▶ [What you are asked to do]:
What is needed is an exact copy of the records below, without the pictures.

▶ [Data excerpts]:

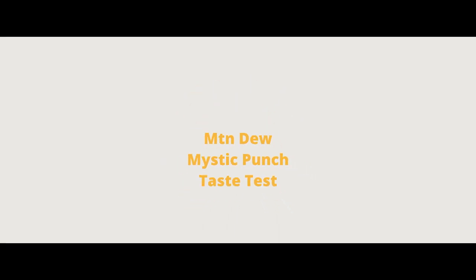Mountain Dew Mystic Punch drink review. I'm going to try out this — let's see what it is. Mystic Punch Mountain Dew. Let me see what it says. It's a fruit-based punch, so it's a nice color and design, but there's been so many versions of blue, purplish, and lavender-type Mountain Dews that this is going to have to have a unique taste.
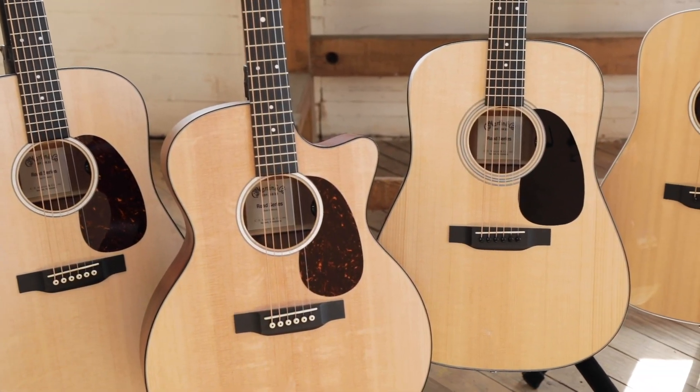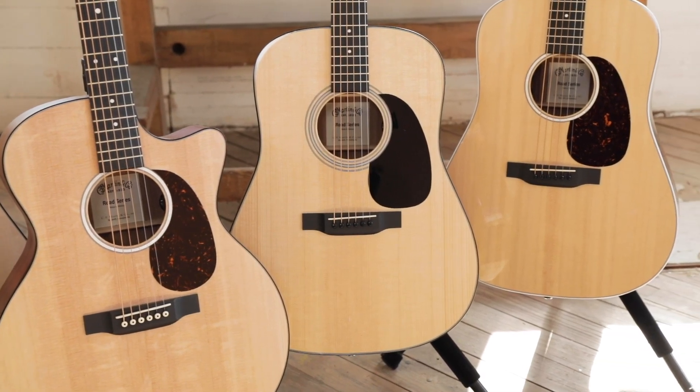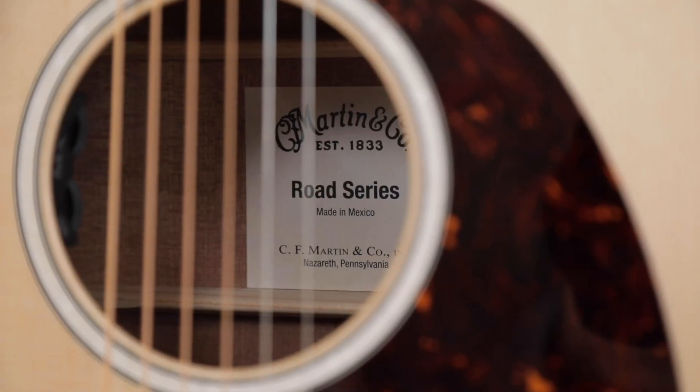The Road Series is aimed at the performer who wants a solid wood guitar that looks like a Martin guitar, feels like a Martin guitar, and sounds like a Martin guitar, but at a price that's a little more affordable and a little more attainable.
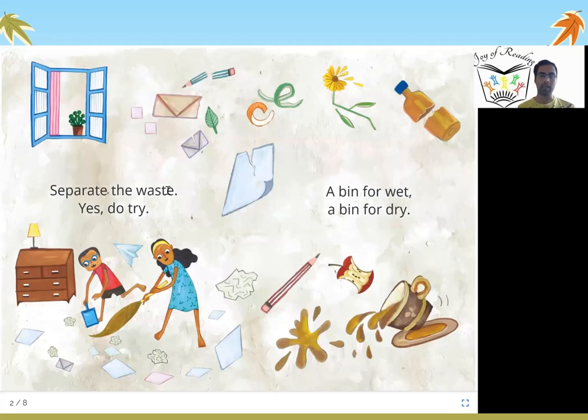Separate the waste — yes, do try. A bin for wet, a bin for dry.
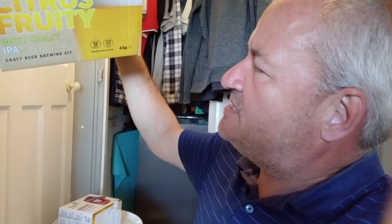Hello and welcome to another Raggy's homebrew video update. Today we're doing the Muntons Hoppy Citrus Fruity West Coast IPA, which brews to about 7% approximately — a fair enough ABV.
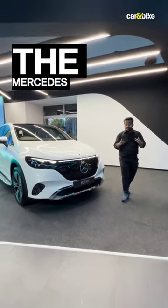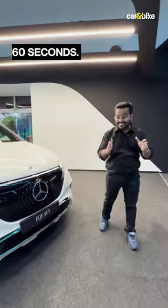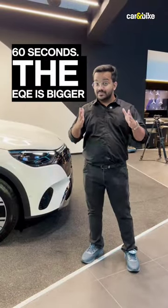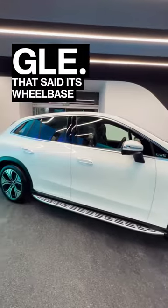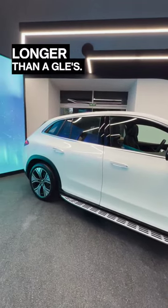Everything you need to know about the Mercedes-Benz EQE SUV in 60 seconds. The EQE is bigger than a GLC, but not quite as big as a GLE. That said, its wheelbase is longer than a GLE's.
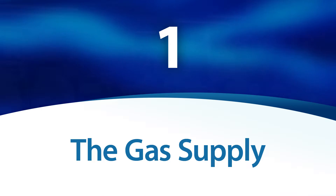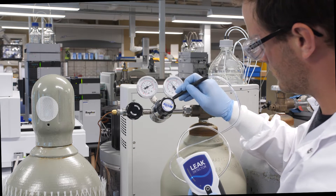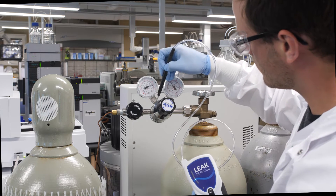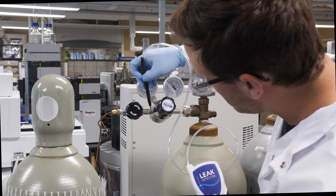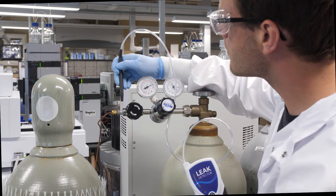Now that we're ready, let's hunt down those leaks. The gas supply. Sometimes the leak isn't immediately near your GC. Always check your cylinders, generators, and manifolds. Each of these should be the first place you check when you suspect a leak. Pay special attention after installing new gas cylinders, particularly around the regulator.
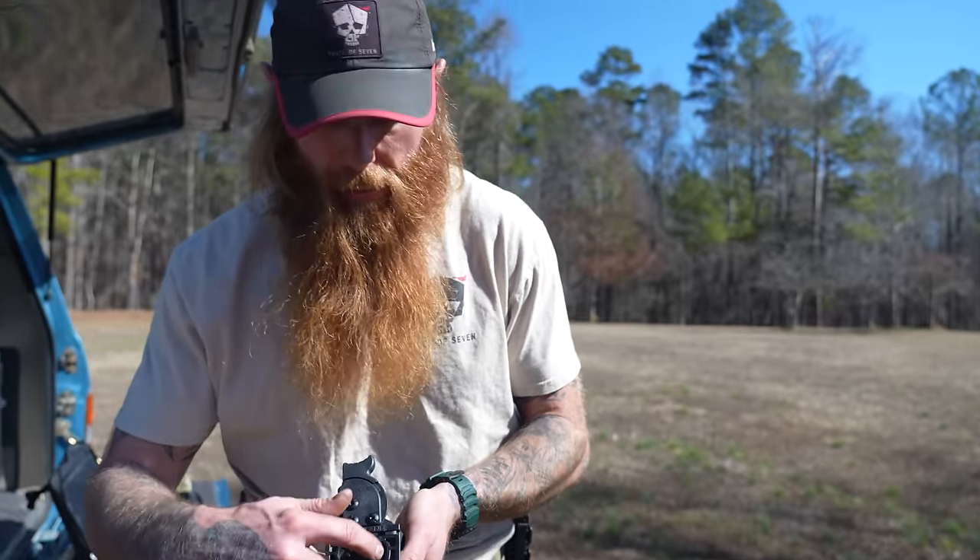I also got this slide milled out — another issue with the DWX is that there's no option to buy it optics-ready. I had to send it to a gunsmith to have the slide milled out, and that cost me $450.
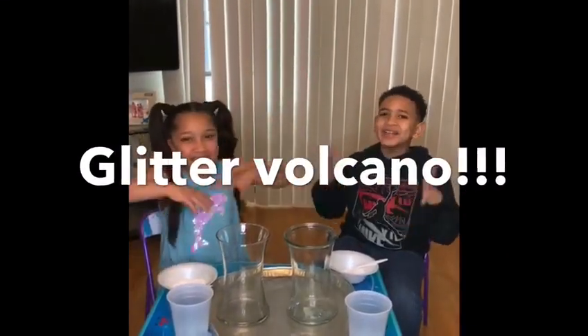My name is Joelle, and my name is Jaylani, and today we're going to make a Glitter Go Go!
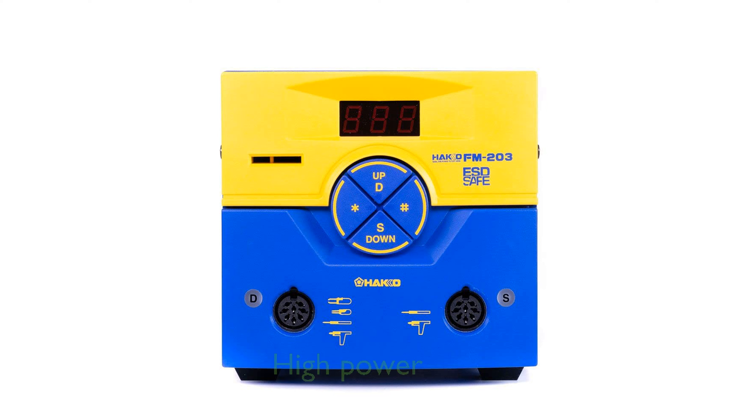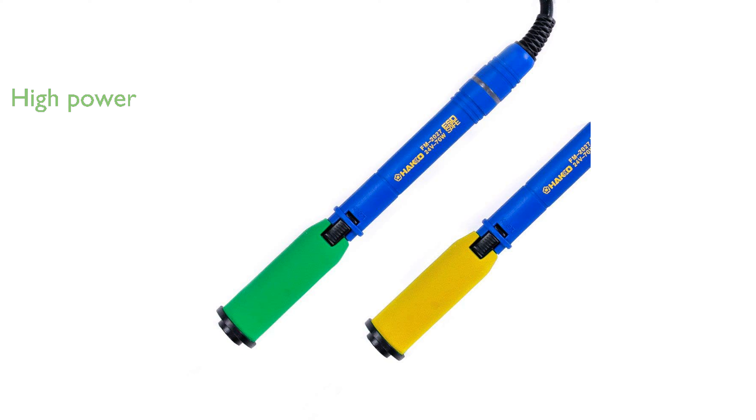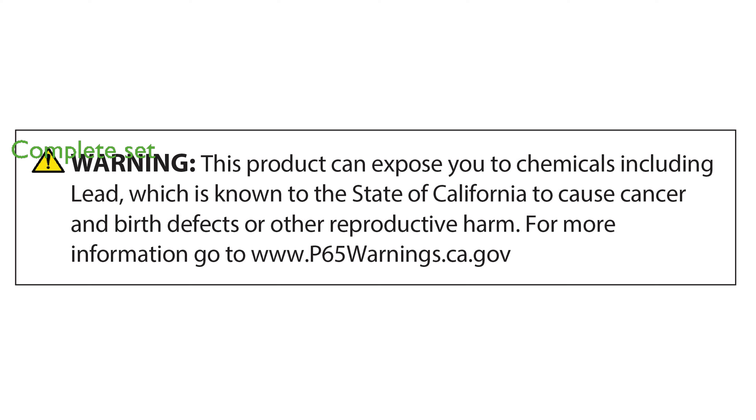This soldering station boasts a power of 140 watts, providing ample heat for demanding soldering applications. Manufactured by American Hakko Products Inc., it reflects the brand's commitment to quality and durability. The inclusion of two FM2027 soldering handpieces and matching holders ensures that users are well equipped for various projects.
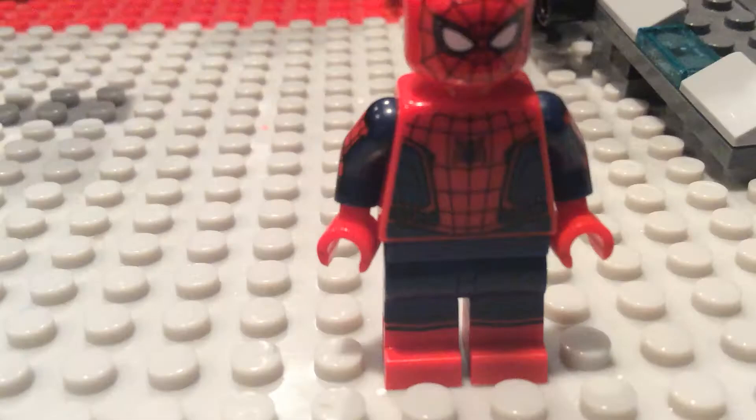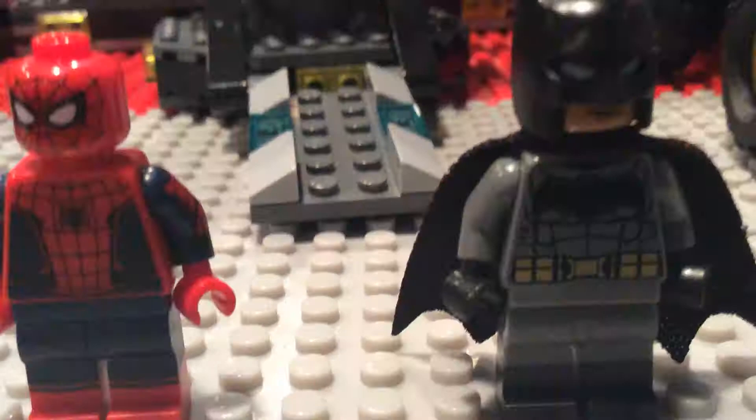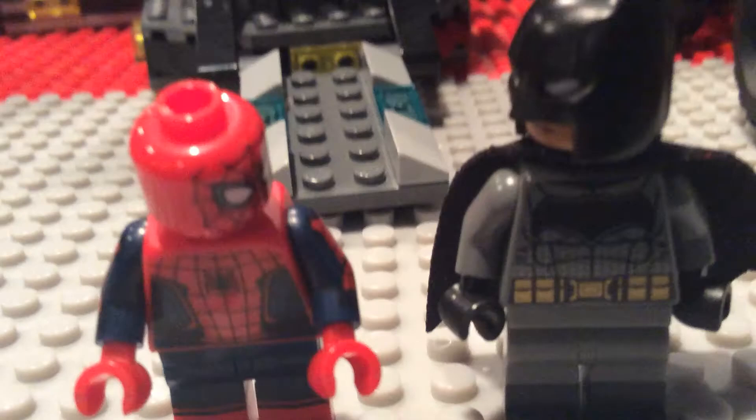Hey everyone, back for another Spider-Man episode. I'm here with Batman to review Spider-Man Homecoming. So, Batman, what did you think of the movie?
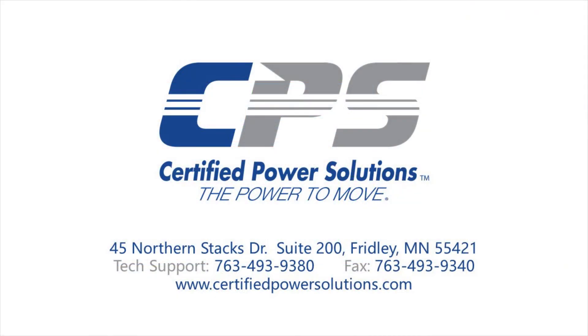If you have any questions, please do not hesitate to give us a call on the number provided on the screen, or visit our website at www.certifiedpowersolutions.com.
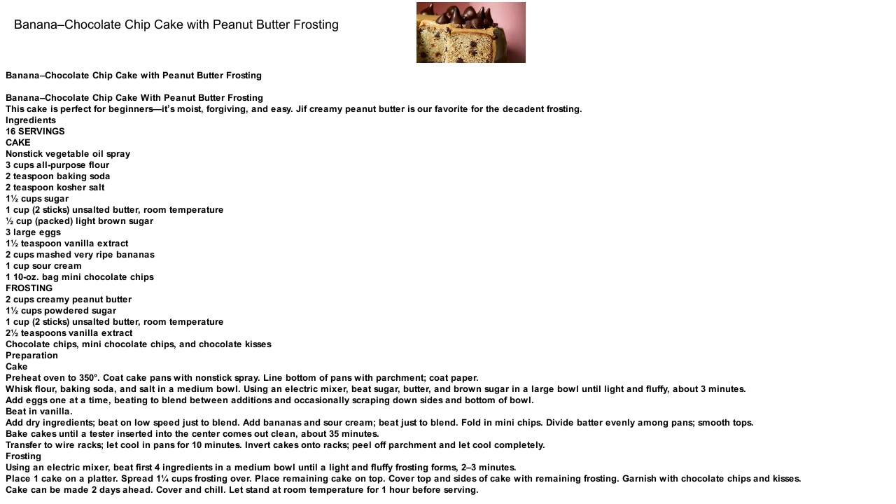Preheat oven to 350 degrees. Coat cake pans with non-stick spray. Line the bottom of pans with parchment and coat the paper. Whisk flour, baking soda, and salt in a medium bowl.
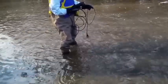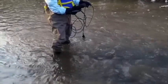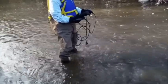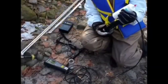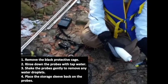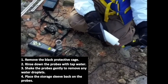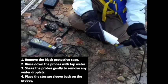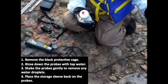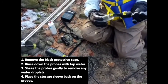Looking at your multimeter, you will see that the numbers jump around; that will stabilize after a few minutes, and you will see an AS beside your value. After you have finished measuring, remove the black protective cage, spray down your probes with plain tap water — not distilled water — and ensure you do this after each use. Shake your probes so any residual water droplets are removed, then use your plastic probe protective sleeve.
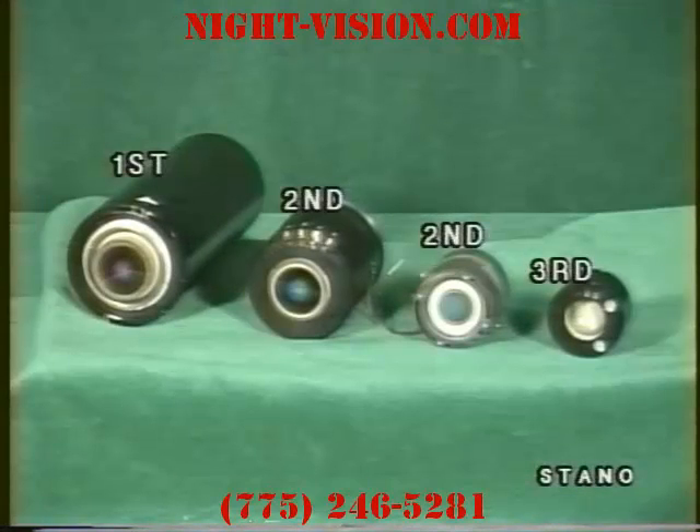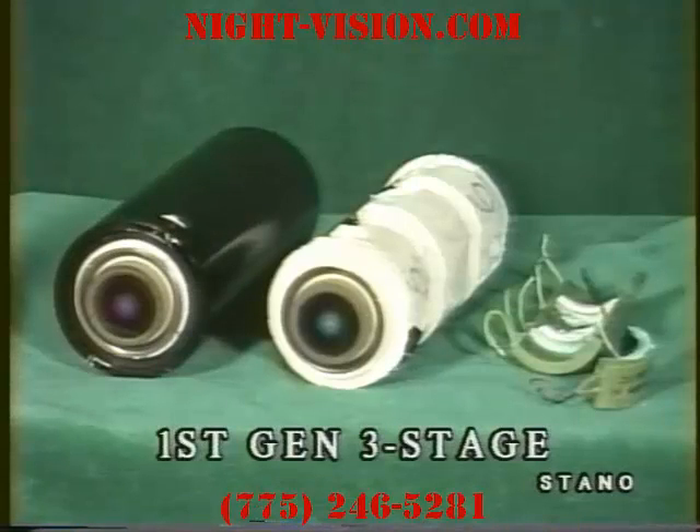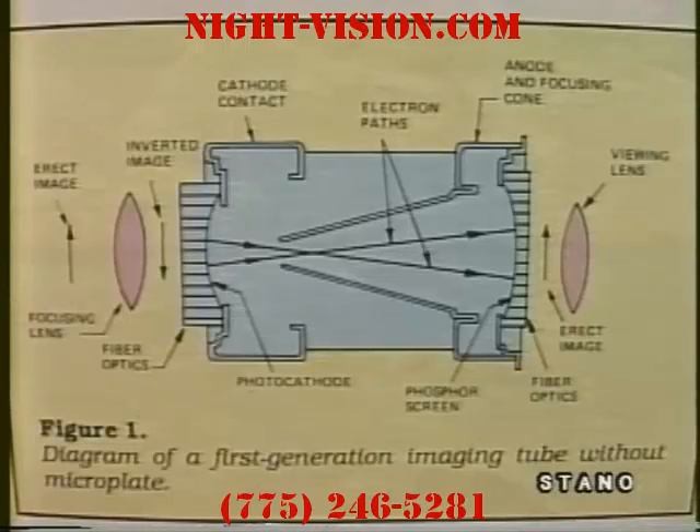There are three distinct generations of image intensifiers manufactured in the United States. First generation intensifier assemblies have three inverter tubes that are cascaded or bonded together. Light is amplified by transferring the image from stage to stage.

▶ [Reply]:
Mountain Dew Mystic Punch drink review. I'm going to try out this — let's see what it is. Mystic Punch Mountain Dew. Let me see what it says. It's a fruit-based punch, so it's a nice color and design, but there's been so many versions of blue, purplish, and lavender-type Mountain Dews that this is going to have to have a unique taste.
The Road Series is aimed at the performer who wants a solid wood guitar that looks like a Martin guitar, feels like a Martin guitar, and sounds like a Martin guitar, but at a price that's a little more affordable and a little more attainable.
Separate the waste — yes, do try. A bin for wet, a bin for dry.
Hello and welcome to another Raggy's homebrew video update. Today we're doing the Muntons Hoppy Citrus Fruity West Coast IPA, which brews to about 7% approximately — a fair enough ABV.
Everything you need to know about the Mercedes-Benz EQE SUV in 60 seconds. The EQE is bigger than a GLC, but not quite as big as a GLE. That said, its wheelbase is longer than a GLE's.
Now that we're ready, let's hunt down those leaks. The gas supply. Sometimes the leak isn't immediately near your GC. Always check your cylinders, generators, and manifolds. Each of these should be the first place you check when you suspect a leak. Pay special attention after installing new gas cylinders, particularly around the regulator.
I also got this slide milled out — another issue with the DWX is that there's no option to buy it optics-ready. I had to send it to a gunsmith to have the slide milled out, and that cost me $450.
My name is Joelle, and my name is Jaylani, and today we're going to make a Glitter Go Go!
This soldering station boasts a power of 140 watts, providing ample heat for demanding soldering applications. Manufactured by American Hakko Products Inc., it reflects the brand's commitment to quality and durability. The inclusion of two FM2027 soldering handpieces and matching holders ensures that users are well equipped for various projects.
Hey everyone, back for another Spider-Man episode. I'm here with Batman to review Spider-Man Homecoming. So, Batman, what did you think of the movie?
If you have any questions, please do not hesitate to give us a call on the number provided on the screen, or visit our website at www.certifiedpowersolutions.com.
Preheat oven to 350 degrees. Coat cake pans with non-stick spray. Line the bottom of pans with parchment and coat the paper. Whisk flour, baking soda, and salt in a medium bowl.
Looking at your multimeter, you will see that the numbers jump around; that will stabilize after a few minutes, and you will see an AS beside your value. After you have finished measuring, remove the black protective cage, spray down your probes with plain tap water — not distilled water — and ensure you do this after each use. Shake your probes so any residual water droplets are removed, then use your plastic probe protective sleeve.
There are three distinct generations of image intensifiers manufactured in the United States. First generation intensifier assemblies have three inverter tubes that are cascaded or bonded together. Light is amplified by transferring the image from stage to stage.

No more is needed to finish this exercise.